In a few weeks, the bi-monthly publications will only feature vintage MAD content and be sold at comic stores.

MAD Magazine to Stop Publishing New Content After 67 Years
Magazines sit for sale at a newsstand in Kursky railway station in Moscow, Russia. (Photographer: Andrey Rudakov/Bloomberg)

(Bloomberg) -- MAD Magazine is coming off newsstands after a 67-year run.

The famed satirical magazine featuring the freckled face of Alfred E. Neuman will stop publishing new material outside of its end-of-year specials, owner DC said in an email.

In a few weeks, the bi-monthly publications will only feature vintage MAD content and be sold at comic stores. The magazines will still be mailed to subscribers, and DC will continue to publish MAD books and special collections.

“Working at MAD was a childhood dream come true. MAD is an institution with such a rich history,” former editor Allie Goertz wrote on Twitter. “It informed just about every comedian and writer I (and probably you) look up to.”

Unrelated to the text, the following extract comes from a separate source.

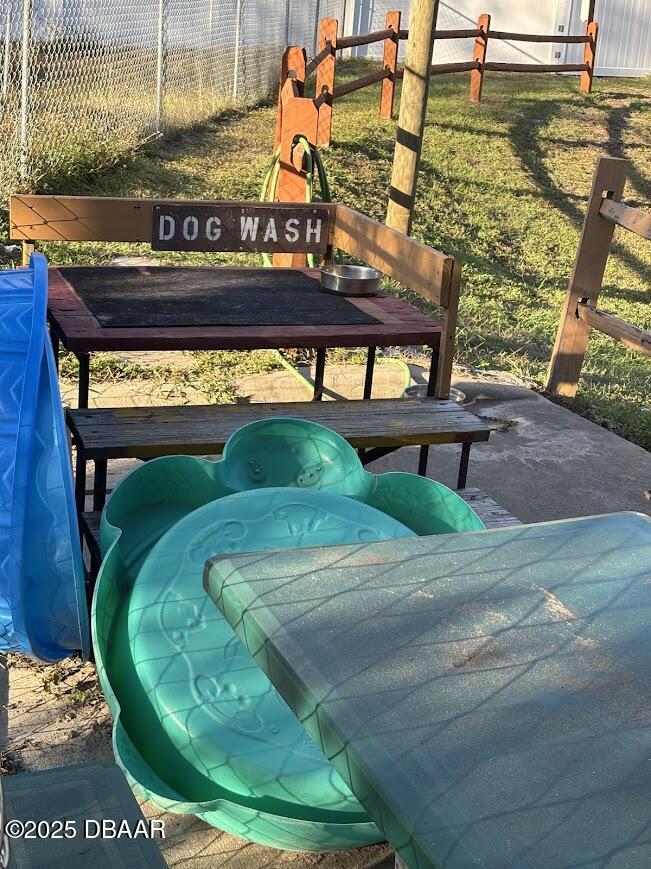 25161 Northeast 140th Loop Salt Springs, FL 32134 - Photo 21 of 45 a view of swimming pool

It was one of the last satirical rags left in print. Spy, a monthly founded and edited by Graydon Carter and Kurt Anderson, closed in 1998. The Onion stopped printing in 2013, though it continues to entertain online and on social media.

“I am profoundly sad to hear that after 67 years, MAD Magazine is ceasing publication. I can’t begin to describe the impact it had on me as a young kid – it’s pretty much the reason I turned out weird.,” tweeted comedian ‘Weird Al’ Yankovic, who served as MAD’s first guest editor in 2015. “Goodbye to one of the all-time greatest American institutions.”

President Donald Trump unfavorably compared Democratic presidential candidate Pete Buttigieg to geeky, gap-toothed Neuman in a May interview with Politico. In perhaps a sign of the magazine’s fading relevance, the 37-year old mayor said he had no idea what Trump was talking about.

“I’ll be honest, I had to Google that,” he said. “I guess it’s just a generational thing. I didn’t get the reference.”

MAD Magazine tweeted in response: “Who’s Pete Buttigieg? Must be a generational thing.”